Step 311: the speech access server determines whether the speech request x is processed successfully again, if yes, conduct Step 37, otherwise, conduct Step 39.

The disclosed embodiments include a speech access server, which includes, in some embodiments, a load balancing module. In some embodiments, the load balancing module includes: receiver unit and forward unit.

Receiver unit, configured to receive any speech request sent by the terminal (e.g., terminal 110, FIG. 1) and forward the speech request to the forward unit;

Forward unit, configured to determine the speech recognition server which can process the speech request according to predefined load balancing algorithm; and determine whether the speech recognition server is under available status or not; if yes, forward the speech request to the speech recognition server for processing; if no, traverse each of the other speech recognition servers except that one; further, when traversing a speech recognition server, if it can be determined to be under available status, forward the speech request to the speech recognition server for processing and stop traversing.

Further, the forward unit can be used to allot a unique number with values between 0 and N-1 to each speech recognition server in advance, and the value of N equals the total number of speech recognition servers.

In some implementations, the forward unit obtains the voice ID carried by the speech request, and conducts Hash operation to the voice ID to get a Hash value; then conducts the modulo operation for the obtained Hash value and N, determines the speech recognition server whose number equals the result of the modulo operation as the speech recognition server which can process the speech request.

The forward unit can be further used to return the processing failure message to the terminal if each traversed speech recognition server is under unavailable status.

The forward unit can be further used to determine whether the speech recognition server can process the speech request successfully after forwarding a speech request to a speech recognition server for processing; if yes, return the processing success message to terminal; if no, determine whether the speech recognition is under available status or not; if no, return processing failure message to terminal, if yes, forward the speech request to the speech recognition server again for processing and determine again whether the speech recognition server can process the speech request successfully, if yes, return the processing success message to terminal, if no, return the processing failure message to terminal.

The forward unit can be further used to establish M pieces of TCP long connections with each speech recognition server respectively when the speech access server is initialized, then the information interaction with each speech recognition server can be conducted through the mentioned TCP long connection(s), where M is a positive integer.

It should be noted that, in the actual application, in addition to the load balancing module, the speech access server also includes some other components generally, but because there is no direct relation with the mentioned program of the present application, they will not be introduced here.

Further, please refer to the corresponding instruction in the embodiment of the aforementioned method for specific operating process of the above mentioned speech access server, which will not be repeated here.

In summary, before forwarding a certain speech request to a certain speech recognition server for processing, it is determined whether the speech recognition server is under available status or not; if yes, forward it, if no, forward it to the other available speech recognition servers instead of to this one, which can increase the success rate of speech request processing and avoid large-scale processing failure, without oscillating effect.

Further, in the speech recognition system, a stream transmission mode is adopted between a terminal (e.g., terminal 110, FIG. 1) and a server cluster (e.g., server cluster 120, FIG. 1).
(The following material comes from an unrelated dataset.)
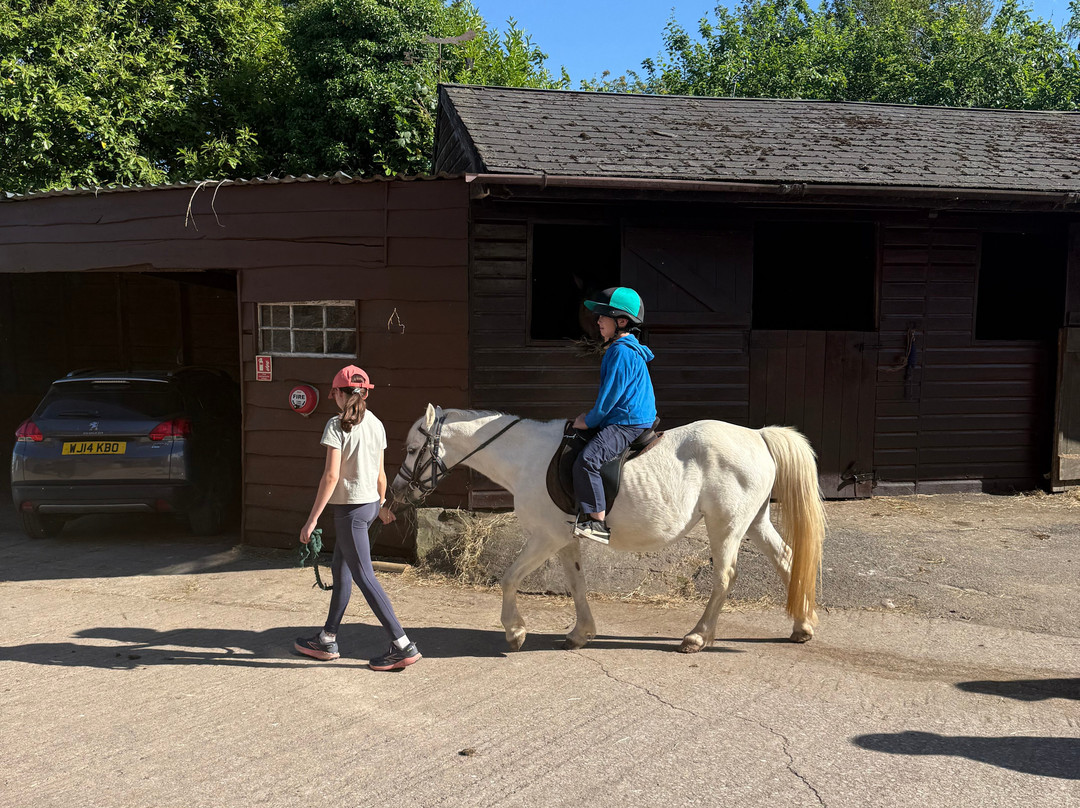 Pine Lodge Riding On Exmoor-Dulverton必去景点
In the stream transmission mode, the transmission and recognition of a speech information is not completed by a single speech request. Rather, the speech information is segmented into a series of speech requests according to certain rules, such as segment into four speech requests and send to the server cluster according to the preset order respectively. The server cluster will distinguish the different speech information according to the difference of voice ID. The voice ID of each speech information is unique. For the different speech requests of the same speech information, they shall be forwarded to the same speech recognition server for processing to realize the conversation maintenance; it can be seen that, after adopting the mentioned program of the present application, because the voice ID carried by different speech requests of the same speech information is the same, after Hash operation and modulo operation, these different requests of the same speech information will all be forwarded to the same speech recognition server for processing.

The various implementations described herein include systems, methods and/or devices used to enable load balancing in a speech recognition system. Some implementations include systems, methods and/or devices to process speech requests in accordance with a load balancing algorithm.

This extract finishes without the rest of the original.